## RECORDS SUPPLIED
* * * * * * * * *
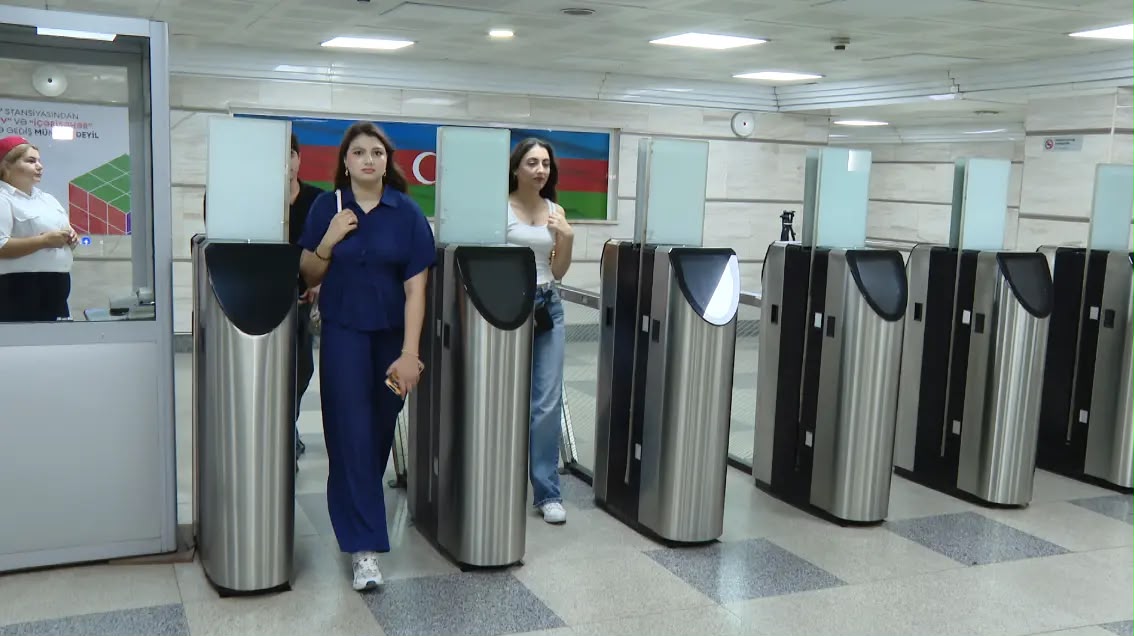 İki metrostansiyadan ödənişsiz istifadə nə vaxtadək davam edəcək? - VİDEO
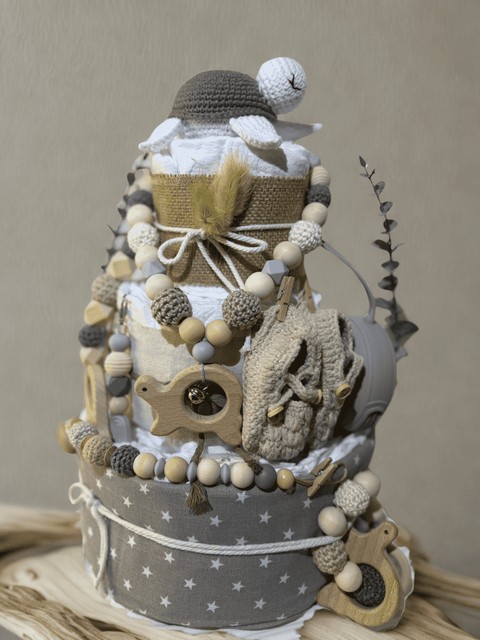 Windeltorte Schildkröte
* * * * * * * * *
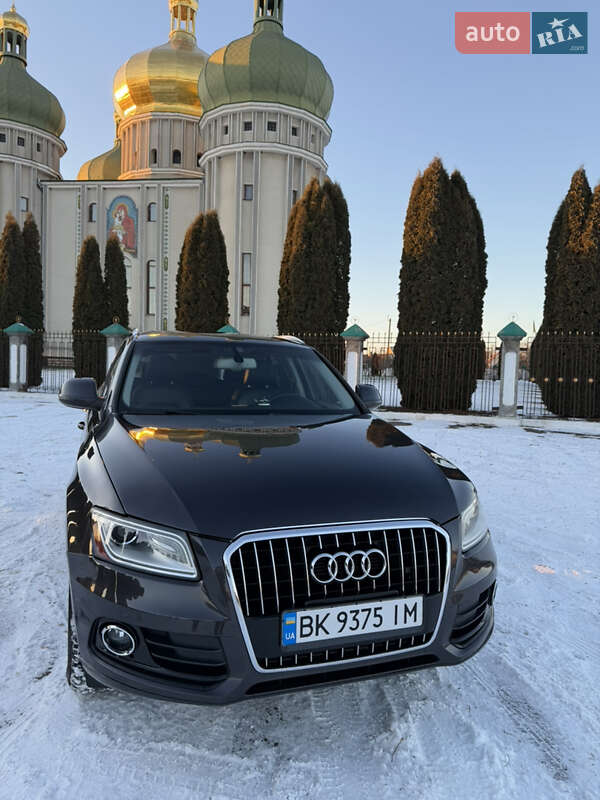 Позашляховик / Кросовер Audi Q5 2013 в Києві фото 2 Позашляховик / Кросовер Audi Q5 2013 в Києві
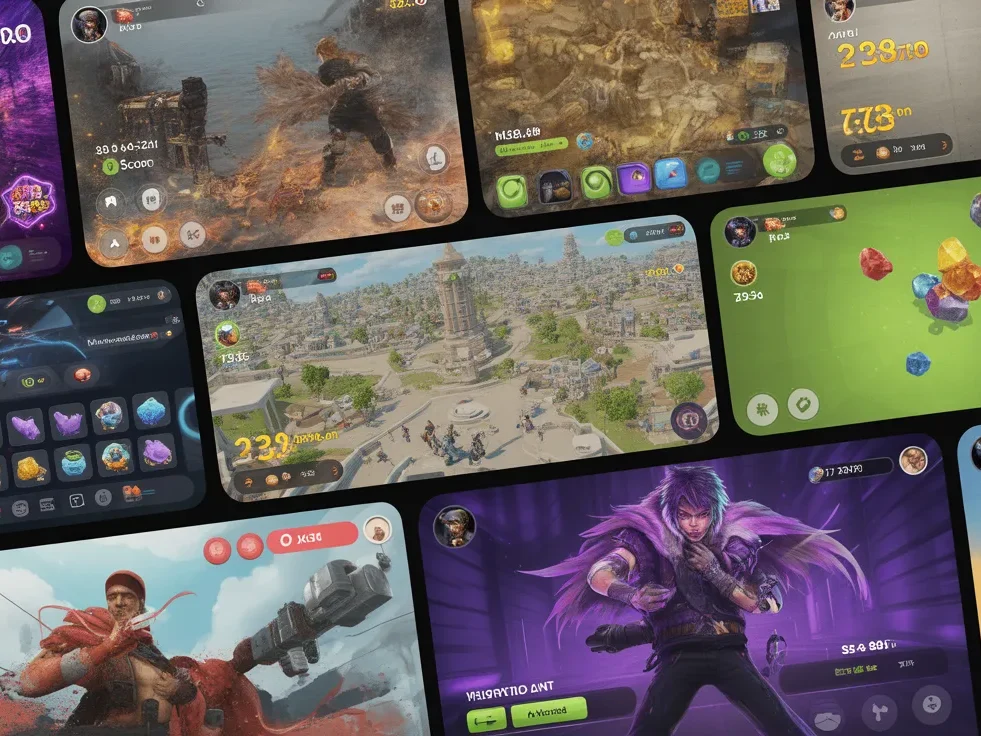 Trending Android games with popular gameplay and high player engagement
* * * * * * * * *
## EXERCISE BRIEF
Go back to the lines above and output, exactly as they stand, the ones from the line containing "Позашляховик / Кросовер Audi Q5 2013 в Києві фото" to the line containing "Trending Android games". Leave all pictures behind.

## FINISHED EXERCISE
 Позашляховик / Кросовер Audi Q5 2013 в Києві фото 2 Позашляховик / Кросовер Audi Q5 2013 в Києві
 Trending Android games with popular gameplay and high player engagement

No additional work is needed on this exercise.